* REQUIRED WORK
Copy exactly the lines starting at the one that contains "Whitney Satin Dress" and running through the end of the material below. Exclude any pictures.

* DATASET
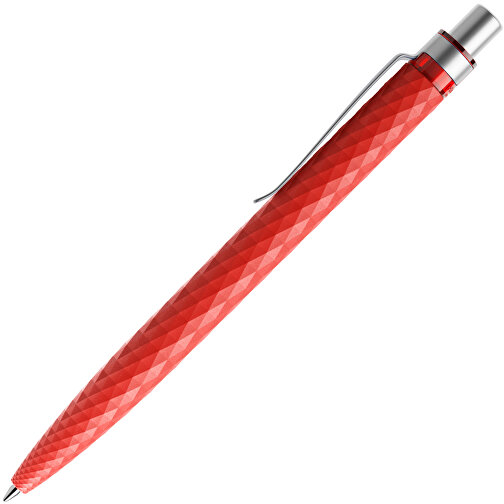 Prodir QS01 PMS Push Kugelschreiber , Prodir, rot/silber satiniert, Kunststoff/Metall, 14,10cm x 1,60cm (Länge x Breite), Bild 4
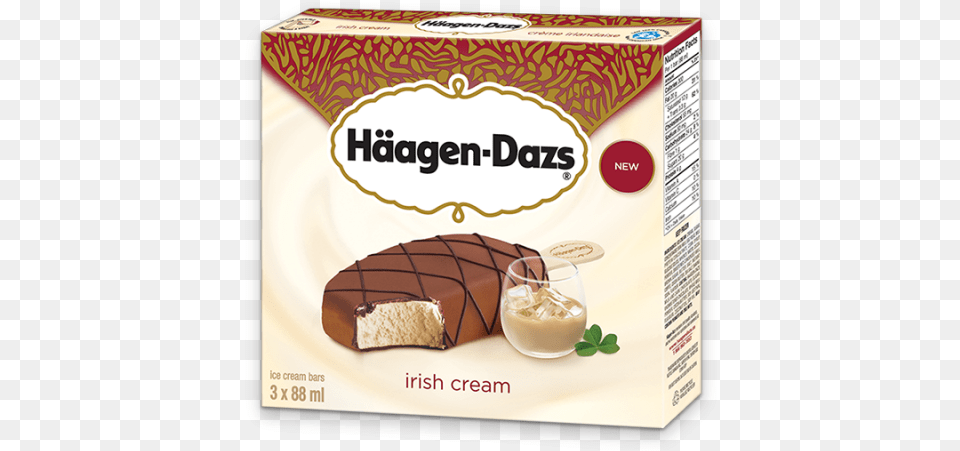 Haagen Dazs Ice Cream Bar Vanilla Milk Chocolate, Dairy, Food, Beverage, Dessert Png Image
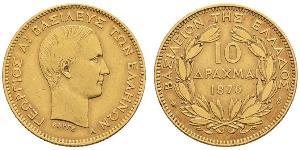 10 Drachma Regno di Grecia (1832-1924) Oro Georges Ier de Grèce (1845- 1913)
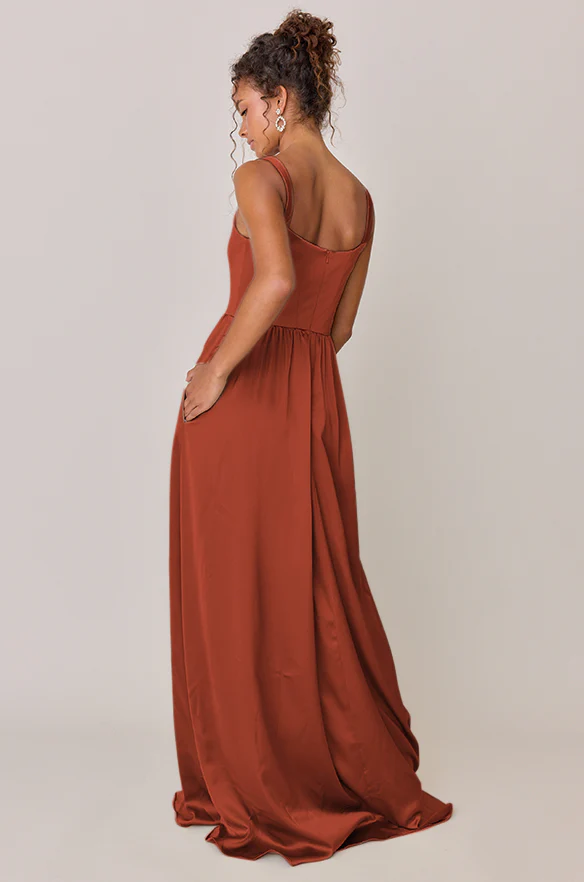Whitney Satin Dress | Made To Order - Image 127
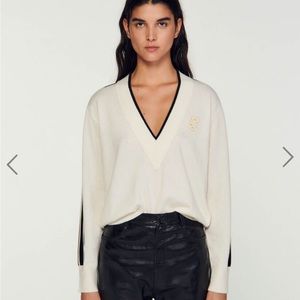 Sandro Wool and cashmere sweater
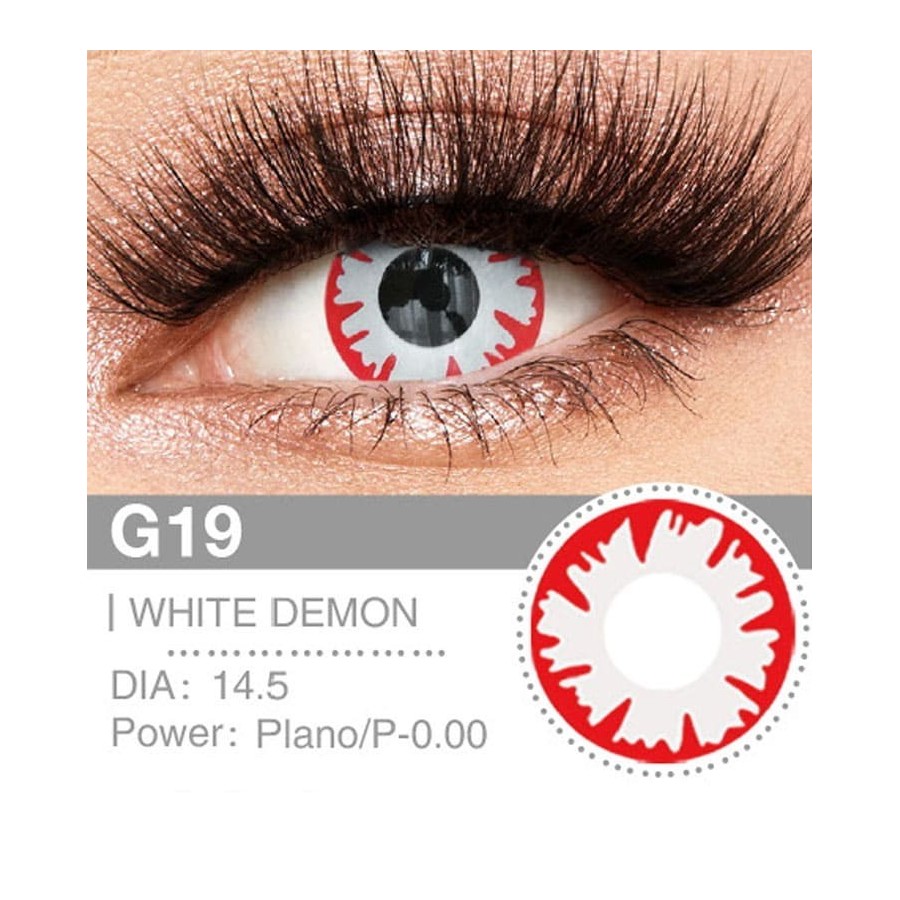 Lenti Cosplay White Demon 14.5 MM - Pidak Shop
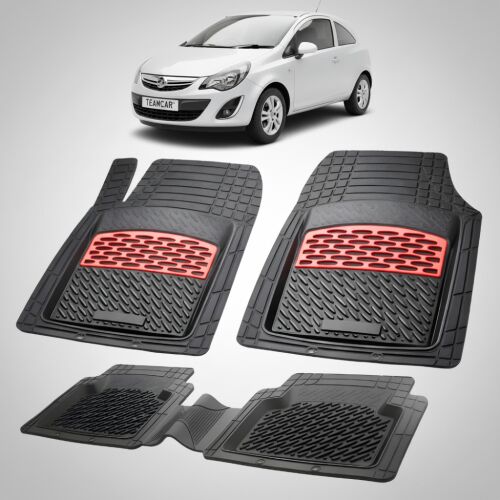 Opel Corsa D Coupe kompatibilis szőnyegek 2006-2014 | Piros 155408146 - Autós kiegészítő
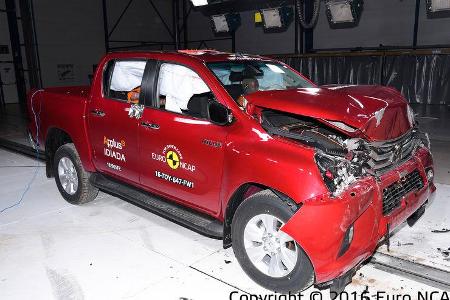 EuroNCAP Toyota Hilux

* RESPONSE AREA
Whitney Satin Dress | Made To Order - Image 127
 Sandro Wool and cashmere sweater
 Lenti Cosplay White Demon 14.5 MM - Pidak Shop
 Opel Corsa D Coupe kompatibilis szőnyegek 2006-2014 | Piros 155408146 - Autós kiegészítő
 EuroNCAP Toyota Hilux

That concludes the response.